Some people who join think they need to mark their territory within the first 20 days. Take time to learn how things work first instead. You’ll be more productive that way. Here's a playbook on what to do in your first 90 days.
Your direct reports will be hyper sensitive to your words and actions when you first join. I can guarantee you that they’re silently judging if they like you or not.
Audit your onboarding process
What’s good about it? What sucks? Write it down and improve the onboarding documentation. Don't convey the information in the first week. Wait until you've been there for 90 days before you start rocking the boat.
Build relationships, take the temperature
Everything flows through relationships with people. Who are your stakeholders? Set up time to meet with them and understand what’s important to them. This should go without saying, but meet with your direct reports and have regular 1:1s with them.
- Your direct reports
- Your stakeholders and peers
- Your Salesforce success team
- Your vendors
Understand what leadership prioritizes
What does leadership prioritize for the quarter/half/year? In the age of remote, there’s likely some paper trail of what the C-Suite cares about. How did the team deliver on what the priorities were previously?
Get up to speed
Ask these questions to your team, partners, and leadership:
- What important projects are your team working on?
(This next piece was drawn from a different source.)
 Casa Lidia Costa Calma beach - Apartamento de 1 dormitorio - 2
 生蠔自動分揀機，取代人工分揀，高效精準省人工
- Learn the intake and prioritization process that your team uses. You might own this own down the line.
- Is there a healthy backlog? (Tickets are clear & concise)
- Is your team at a healthy working pace? Are they overloaded? Do they have autonomy to deliver
- What’s the release process? Are there any gaps you could improve? (Testing, # of bugs, how do rollbacks happen. etc.)
- Is there a project management function or do your devs/admins own projects?